Такая техника не вызывает больше никаких сомнений для живописи или же поэзии, но среди музыкантов это до сих пор нечто неприемлемое. У них существует какое-то рутинное представление — предпосылка о непреложной и «прочно» установленной формальной и композиционной основе в музыкальном творчестве.
Искусство, замкнутое в себе, было Мусоргскому чуждо, а формалистическая сторона искусства, становящаяся целью, была ему ненавистна. Сравнение с Достоевским напрашивается само собой. Обоим была ненавистна «игра в искусство», и сферой обоих были живой человек и душа народная. Подобно Достоевскому, взрывавшему застывший и мертвящий мир рационалистической психики, Мусоргский взрывал рационалистическую основу музыкального мышления. Он разваливал своими сочинениями здание механизированного музыкального опыта, построенное на выработанных схемах, формулах и заранее установленных технических приемах. На этой почве и расцвела махровым цветом легенда о музыкальной невежественности и безграмотности Мусоргского. Римский-Корсаков был главным автором этой легенды. Он обладал в то время достаточным авторитетом, чтобы ему поверили. Поверили ему и в необходимости редактирования и «исправления» рукописей Мусоргского.

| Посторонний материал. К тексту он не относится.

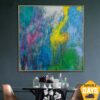 Buy Extra Large Abstract Paintings On Canvas Blue Wall Art Handmade Painting Textured Oil Painting Indian Room Wall Decor | DURING THE RAIN 39.37"x39.37" online shopping cheap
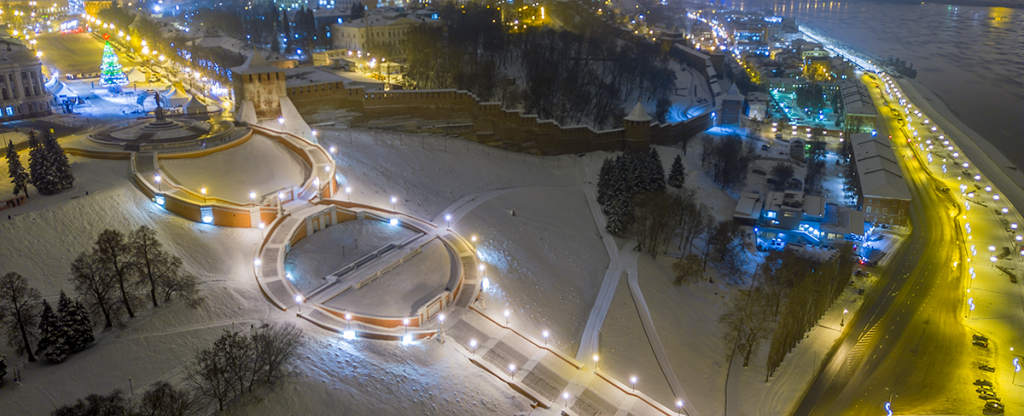 Новогодняя Чкаловская лестница, Нижний Новгород - Фото с квадрокоптера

Творческая реабилитация Мусоргского началась только в связи с развитием французского импрессионизма. Дебюсси и Равель стали в это время едва ли не главными пропагандистами Мусоргского, и их влияние на молодежь в Европе и на передовые круги самой России изменило отношение к Мусоргскому, созданное Р[имским]-Корсаковым и его окружением. Но практически для восстановления подлинного творчества Мусоргского тогда ничего еще не было сделано.